For a long time, changes in China’s holdings of US debt have been a topic of great concern, which is seen by some as a measure of the state of China-US relations. Yet, there is no need to complicate China-US relations with China’s reduced holdings of US treasuries. The reasons behind China’s recent reduction of its holdings of US debt are mainly economic considerations, as the problems in the US economy and the changes in bilateral economic and trade relations have increased the need for China to pursue diversification of its foreign exchange reserves.
To be clear, while China has reduced its holdings of US debt, it doesn’t change the fact that US treasuries remain an important part of China’s foreign exchange reserves. China is still the world’s second-largest non-US holder of US treasuries, because the US dollar remains the world’s most important currency for trade settlement and a safe-haven for investors seeking security amid the changeable markets. Besides, US sovereign debt has the highest and the most stable credit rating.
But nowadays these factors are changing.US economy, debt mean other nations must diversify reserves, Global Times, 17 February 2023
Make no mistake. This public call to the BRICSIA nations to reduce their dollar reserves is a form of unrestricted warfare in action. China is in the process of doing to the US economy what the IMF has repeatedly done to third world governments since the 1960s, which is encourage them to enter a debt trap, become dependent on the IMF, and then seize the national assets used as collateral.
(NB: Before the smart boys jump in to make an erroneous “correction”, note that while Japan holds more US treasuries than China, China’s total dollar holdings are nearly four times greater than Japan’s. The former is a subset of the latter.)

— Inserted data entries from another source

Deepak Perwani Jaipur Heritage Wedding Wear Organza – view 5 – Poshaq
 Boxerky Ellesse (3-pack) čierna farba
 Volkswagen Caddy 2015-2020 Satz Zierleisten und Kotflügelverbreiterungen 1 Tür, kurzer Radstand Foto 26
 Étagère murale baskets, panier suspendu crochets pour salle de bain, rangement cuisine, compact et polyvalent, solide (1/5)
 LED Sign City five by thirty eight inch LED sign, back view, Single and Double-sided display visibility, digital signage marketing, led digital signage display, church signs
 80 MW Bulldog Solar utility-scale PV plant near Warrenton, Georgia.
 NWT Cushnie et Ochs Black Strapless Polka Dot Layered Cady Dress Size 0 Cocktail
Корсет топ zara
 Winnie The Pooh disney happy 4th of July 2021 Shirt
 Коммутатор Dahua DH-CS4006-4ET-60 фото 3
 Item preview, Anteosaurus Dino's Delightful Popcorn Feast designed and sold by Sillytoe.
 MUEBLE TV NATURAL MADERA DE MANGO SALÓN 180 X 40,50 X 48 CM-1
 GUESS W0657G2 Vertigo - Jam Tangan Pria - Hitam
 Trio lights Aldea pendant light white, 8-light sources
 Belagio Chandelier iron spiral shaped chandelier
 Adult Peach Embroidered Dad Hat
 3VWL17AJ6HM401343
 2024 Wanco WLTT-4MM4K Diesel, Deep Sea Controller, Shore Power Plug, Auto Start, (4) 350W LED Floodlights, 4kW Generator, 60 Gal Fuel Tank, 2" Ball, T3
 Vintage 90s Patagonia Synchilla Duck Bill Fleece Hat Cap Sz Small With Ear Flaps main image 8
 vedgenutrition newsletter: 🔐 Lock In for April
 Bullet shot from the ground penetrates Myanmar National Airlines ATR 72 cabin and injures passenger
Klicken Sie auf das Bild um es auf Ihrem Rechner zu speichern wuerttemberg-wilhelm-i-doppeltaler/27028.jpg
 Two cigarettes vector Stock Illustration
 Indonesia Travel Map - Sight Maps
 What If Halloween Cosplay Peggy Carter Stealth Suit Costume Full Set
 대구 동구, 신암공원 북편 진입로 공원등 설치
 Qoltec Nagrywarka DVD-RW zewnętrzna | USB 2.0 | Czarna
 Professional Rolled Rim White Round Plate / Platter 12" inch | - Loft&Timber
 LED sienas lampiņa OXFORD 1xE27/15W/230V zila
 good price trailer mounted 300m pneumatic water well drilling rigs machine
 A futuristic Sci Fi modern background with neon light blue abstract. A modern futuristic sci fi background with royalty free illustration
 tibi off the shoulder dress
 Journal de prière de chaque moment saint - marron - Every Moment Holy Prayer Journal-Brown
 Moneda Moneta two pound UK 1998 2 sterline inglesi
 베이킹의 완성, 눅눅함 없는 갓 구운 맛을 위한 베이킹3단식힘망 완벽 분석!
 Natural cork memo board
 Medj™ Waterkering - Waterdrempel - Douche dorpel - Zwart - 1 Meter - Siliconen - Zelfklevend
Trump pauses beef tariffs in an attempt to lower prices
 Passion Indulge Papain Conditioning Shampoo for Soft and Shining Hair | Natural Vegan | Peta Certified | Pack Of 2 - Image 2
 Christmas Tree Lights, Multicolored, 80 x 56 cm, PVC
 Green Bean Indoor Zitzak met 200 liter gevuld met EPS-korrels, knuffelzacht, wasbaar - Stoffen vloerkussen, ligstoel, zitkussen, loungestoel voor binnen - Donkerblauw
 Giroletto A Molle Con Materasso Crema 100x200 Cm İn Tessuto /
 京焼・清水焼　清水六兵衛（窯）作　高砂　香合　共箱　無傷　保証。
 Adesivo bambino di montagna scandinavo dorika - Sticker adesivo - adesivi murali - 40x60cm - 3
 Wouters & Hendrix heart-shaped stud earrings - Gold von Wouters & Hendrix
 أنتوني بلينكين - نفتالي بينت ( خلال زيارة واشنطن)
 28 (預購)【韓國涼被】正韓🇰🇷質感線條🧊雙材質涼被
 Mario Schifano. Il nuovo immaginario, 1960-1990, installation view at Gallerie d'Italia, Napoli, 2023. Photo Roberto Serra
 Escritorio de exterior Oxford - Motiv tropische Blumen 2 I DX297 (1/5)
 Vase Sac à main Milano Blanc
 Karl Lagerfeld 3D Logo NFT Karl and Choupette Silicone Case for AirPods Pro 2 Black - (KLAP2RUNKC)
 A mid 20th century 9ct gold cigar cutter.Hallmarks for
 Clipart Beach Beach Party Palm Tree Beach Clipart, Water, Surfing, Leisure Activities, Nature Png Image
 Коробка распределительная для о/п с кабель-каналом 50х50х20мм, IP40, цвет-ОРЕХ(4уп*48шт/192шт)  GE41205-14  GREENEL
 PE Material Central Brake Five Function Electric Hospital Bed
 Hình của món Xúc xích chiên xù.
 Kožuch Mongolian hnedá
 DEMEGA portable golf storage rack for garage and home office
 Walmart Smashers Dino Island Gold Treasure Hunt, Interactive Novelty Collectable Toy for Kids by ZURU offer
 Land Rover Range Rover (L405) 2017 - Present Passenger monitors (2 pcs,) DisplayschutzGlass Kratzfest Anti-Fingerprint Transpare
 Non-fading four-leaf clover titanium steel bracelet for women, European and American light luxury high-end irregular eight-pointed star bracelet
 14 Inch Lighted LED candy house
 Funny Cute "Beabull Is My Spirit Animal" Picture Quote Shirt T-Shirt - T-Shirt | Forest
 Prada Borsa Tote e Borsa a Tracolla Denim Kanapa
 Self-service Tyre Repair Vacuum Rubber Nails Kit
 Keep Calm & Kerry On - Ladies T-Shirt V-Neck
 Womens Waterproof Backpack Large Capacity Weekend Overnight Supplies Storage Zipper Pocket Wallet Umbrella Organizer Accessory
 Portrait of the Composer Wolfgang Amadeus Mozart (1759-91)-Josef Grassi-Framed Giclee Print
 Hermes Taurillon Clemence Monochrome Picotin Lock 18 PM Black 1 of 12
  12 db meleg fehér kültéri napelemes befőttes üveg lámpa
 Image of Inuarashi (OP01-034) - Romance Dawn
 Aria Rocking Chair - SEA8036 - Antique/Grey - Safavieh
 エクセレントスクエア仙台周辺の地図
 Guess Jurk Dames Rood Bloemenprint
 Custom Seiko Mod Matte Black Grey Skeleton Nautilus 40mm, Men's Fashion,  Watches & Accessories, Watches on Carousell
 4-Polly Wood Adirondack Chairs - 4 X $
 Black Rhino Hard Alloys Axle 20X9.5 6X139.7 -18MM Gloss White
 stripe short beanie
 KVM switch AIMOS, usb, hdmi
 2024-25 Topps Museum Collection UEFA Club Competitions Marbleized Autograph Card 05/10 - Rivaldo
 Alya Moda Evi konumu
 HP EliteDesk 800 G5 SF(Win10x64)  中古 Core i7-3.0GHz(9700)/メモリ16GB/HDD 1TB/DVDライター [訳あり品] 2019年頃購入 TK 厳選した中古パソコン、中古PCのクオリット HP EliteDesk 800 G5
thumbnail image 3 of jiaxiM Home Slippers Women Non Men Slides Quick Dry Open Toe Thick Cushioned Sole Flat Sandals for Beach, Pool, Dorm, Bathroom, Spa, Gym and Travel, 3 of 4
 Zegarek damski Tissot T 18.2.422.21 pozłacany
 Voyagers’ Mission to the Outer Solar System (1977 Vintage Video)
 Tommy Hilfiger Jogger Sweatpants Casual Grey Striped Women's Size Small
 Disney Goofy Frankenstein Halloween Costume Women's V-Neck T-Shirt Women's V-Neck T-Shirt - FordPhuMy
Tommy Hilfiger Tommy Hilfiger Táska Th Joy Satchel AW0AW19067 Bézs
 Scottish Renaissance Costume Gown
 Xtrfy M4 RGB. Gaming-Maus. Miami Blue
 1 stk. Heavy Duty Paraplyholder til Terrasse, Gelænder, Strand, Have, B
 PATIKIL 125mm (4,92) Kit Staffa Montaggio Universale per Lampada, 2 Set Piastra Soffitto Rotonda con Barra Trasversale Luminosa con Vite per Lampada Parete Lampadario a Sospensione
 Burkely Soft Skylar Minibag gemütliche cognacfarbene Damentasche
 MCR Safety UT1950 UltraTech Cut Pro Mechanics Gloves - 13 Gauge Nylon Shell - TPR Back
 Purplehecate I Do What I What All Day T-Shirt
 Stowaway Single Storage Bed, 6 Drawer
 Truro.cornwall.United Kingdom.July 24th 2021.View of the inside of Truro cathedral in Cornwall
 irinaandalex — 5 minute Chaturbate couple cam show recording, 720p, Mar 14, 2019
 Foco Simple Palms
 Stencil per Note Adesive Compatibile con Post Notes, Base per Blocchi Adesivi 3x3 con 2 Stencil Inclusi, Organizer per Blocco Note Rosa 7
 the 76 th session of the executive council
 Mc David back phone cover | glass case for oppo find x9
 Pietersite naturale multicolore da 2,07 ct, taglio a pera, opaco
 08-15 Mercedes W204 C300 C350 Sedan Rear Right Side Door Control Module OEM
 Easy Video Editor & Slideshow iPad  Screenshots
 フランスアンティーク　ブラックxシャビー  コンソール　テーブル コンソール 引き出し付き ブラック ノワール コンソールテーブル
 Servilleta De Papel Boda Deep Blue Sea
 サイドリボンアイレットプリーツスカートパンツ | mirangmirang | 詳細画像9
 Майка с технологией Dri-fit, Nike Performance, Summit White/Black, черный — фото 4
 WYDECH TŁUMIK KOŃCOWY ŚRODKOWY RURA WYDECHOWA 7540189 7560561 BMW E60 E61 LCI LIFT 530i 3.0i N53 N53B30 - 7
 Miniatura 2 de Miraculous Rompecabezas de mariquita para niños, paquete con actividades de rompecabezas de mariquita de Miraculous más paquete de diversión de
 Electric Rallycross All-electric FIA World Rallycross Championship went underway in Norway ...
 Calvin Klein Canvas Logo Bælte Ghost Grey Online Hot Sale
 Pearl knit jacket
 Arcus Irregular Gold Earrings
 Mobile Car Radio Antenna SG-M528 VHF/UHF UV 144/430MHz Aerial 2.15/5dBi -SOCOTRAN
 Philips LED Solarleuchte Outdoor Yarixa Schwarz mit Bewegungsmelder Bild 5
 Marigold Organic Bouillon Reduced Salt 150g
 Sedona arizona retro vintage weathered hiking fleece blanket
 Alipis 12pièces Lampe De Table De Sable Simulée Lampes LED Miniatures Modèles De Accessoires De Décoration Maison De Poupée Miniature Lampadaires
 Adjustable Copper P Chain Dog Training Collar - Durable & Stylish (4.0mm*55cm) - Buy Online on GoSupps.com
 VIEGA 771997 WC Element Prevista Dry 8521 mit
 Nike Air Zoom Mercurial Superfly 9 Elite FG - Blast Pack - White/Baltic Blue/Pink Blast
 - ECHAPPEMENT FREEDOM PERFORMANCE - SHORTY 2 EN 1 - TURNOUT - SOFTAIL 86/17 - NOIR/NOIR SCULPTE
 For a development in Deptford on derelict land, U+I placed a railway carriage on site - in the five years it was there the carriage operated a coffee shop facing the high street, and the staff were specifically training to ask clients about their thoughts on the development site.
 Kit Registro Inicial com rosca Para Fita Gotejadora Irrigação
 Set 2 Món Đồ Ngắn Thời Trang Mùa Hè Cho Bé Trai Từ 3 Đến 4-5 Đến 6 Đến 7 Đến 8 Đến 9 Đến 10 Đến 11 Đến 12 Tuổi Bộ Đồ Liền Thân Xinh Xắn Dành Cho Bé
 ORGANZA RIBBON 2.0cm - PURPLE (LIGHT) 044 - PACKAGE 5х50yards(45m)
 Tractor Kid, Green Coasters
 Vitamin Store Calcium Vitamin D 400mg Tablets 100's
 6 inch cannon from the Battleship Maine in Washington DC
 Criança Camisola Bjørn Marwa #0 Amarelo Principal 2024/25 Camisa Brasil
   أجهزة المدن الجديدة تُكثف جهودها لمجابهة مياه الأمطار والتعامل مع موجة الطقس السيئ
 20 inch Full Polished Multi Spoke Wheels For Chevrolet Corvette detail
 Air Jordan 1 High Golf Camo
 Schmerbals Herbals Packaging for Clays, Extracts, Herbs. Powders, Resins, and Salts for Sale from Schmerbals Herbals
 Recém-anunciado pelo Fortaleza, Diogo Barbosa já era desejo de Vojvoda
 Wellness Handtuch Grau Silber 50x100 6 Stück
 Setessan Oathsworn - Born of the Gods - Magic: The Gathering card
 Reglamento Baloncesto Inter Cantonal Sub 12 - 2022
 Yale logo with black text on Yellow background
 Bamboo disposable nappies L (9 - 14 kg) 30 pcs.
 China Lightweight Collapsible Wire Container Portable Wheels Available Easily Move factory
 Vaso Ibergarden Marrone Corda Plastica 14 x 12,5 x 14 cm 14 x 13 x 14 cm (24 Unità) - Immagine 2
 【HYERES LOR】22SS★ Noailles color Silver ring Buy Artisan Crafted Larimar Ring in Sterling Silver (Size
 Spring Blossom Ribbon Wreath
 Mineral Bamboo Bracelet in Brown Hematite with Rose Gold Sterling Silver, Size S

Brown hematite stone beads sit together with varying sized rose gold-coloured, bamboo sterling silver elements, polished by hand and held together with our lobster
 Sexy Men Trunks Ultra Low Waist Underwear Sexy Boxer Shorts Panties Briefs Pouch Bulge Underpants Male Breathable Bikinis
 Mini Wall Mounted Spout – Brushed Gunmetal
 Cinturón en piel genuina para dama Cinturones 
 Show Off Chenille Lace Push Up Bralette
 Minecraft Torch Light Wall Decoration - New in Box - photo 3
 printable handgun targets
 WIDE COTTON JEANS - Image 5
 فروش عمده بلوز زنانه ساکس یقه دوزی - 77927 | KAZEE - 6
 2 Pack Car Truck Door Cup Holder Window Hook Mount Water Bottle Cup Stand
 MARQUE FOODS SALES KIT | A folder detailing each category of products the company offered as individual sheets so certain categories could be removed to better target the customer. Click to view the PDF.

While there is no actual collateral at risk here, what China has done is made the US economy dependent upon the Chinese willingness to subsidize it. This is why the USA can’t afford to financially sanction China the way it has sanctioned Russia, and why China has a financial gun to the US federal government’s head that is distinct from whatever control it directly exerts over politicians it has managed to buy or otherwise corrupt in various ways.
Live by the debt-dollar, die by the debt-dollar. Once an empire loses its reserve currency status, imperial decline tends to come swiftly. Consider the examples of the Venetian ducato, the Dutch guilder and the British pound if you want to contemplate likely timeframes and outcomes.
This appears to be another sign that China is getting closer to opening the Asian front of World War III.